(Directions for this task)
Every line from the one containing "After the Funeral" through the end of the listing below must be given again exactly, and nothing else; exclude pictures.

(Supplied data)

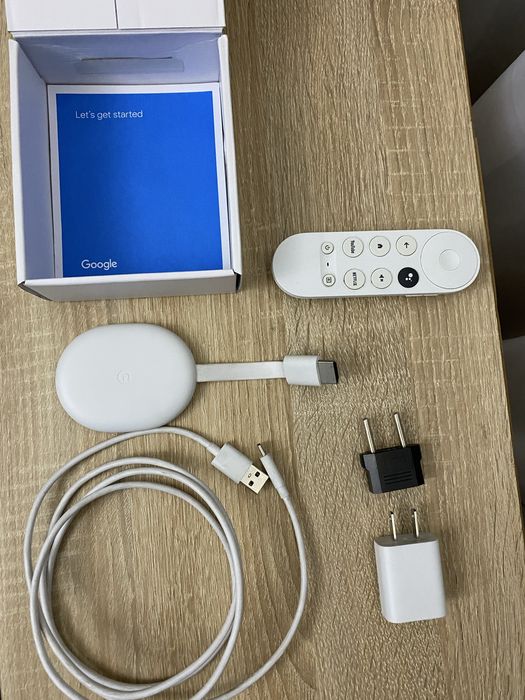 Google chromecast 4.0 4K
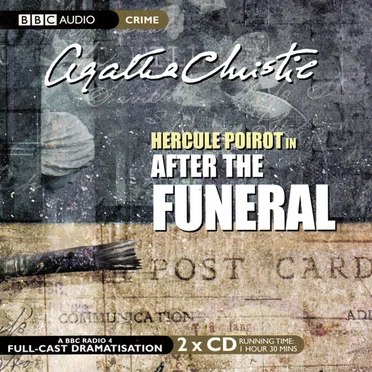 After the Funeral by Agatha Christie - album cover
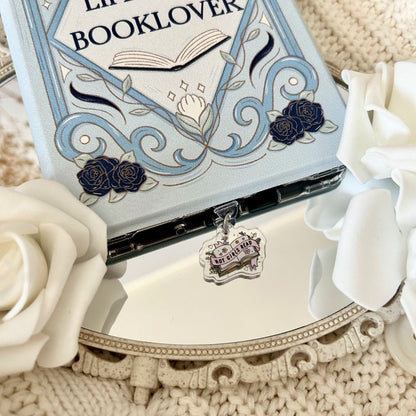 Dust Charm per E-reader/ Smartphone - Hot Girls Read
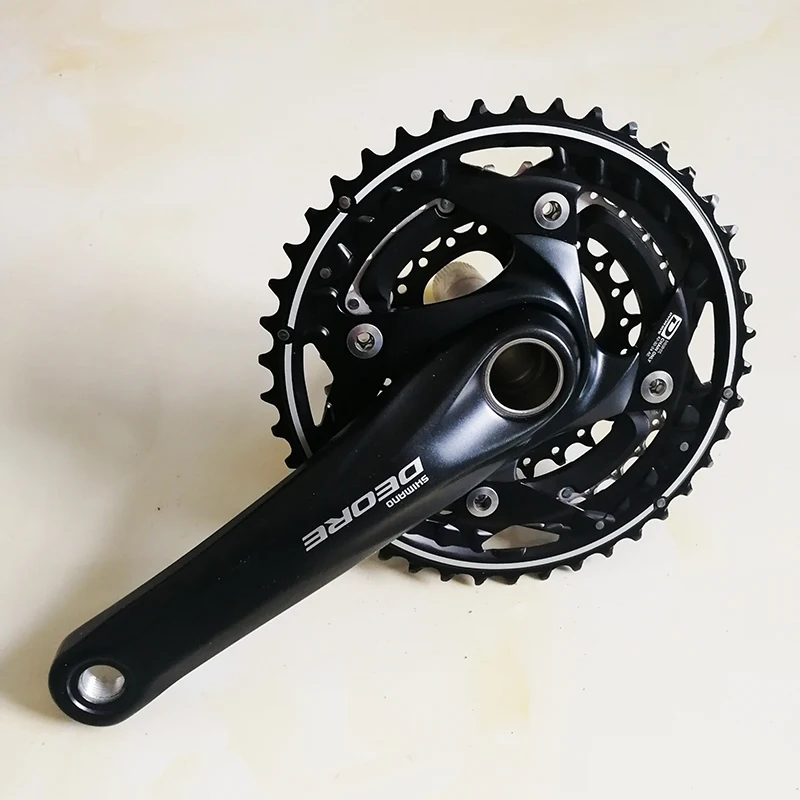 SHIMANO DEORE FC M610 M612 диаметра окружности болтов (170 мм 175 рукоятки спереди 3 Скорость 42/40T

(Solution for this task)
 After the Funeral by Agatha Christie - album cover
 Dust Charm per E-reader/ Smartphone - Hot Girls Read
 SHIMANO DEORE FC M610 M612 диаметра окружности болтов (170 мм 175 рукоятки спереди 3 Скорость 42/40T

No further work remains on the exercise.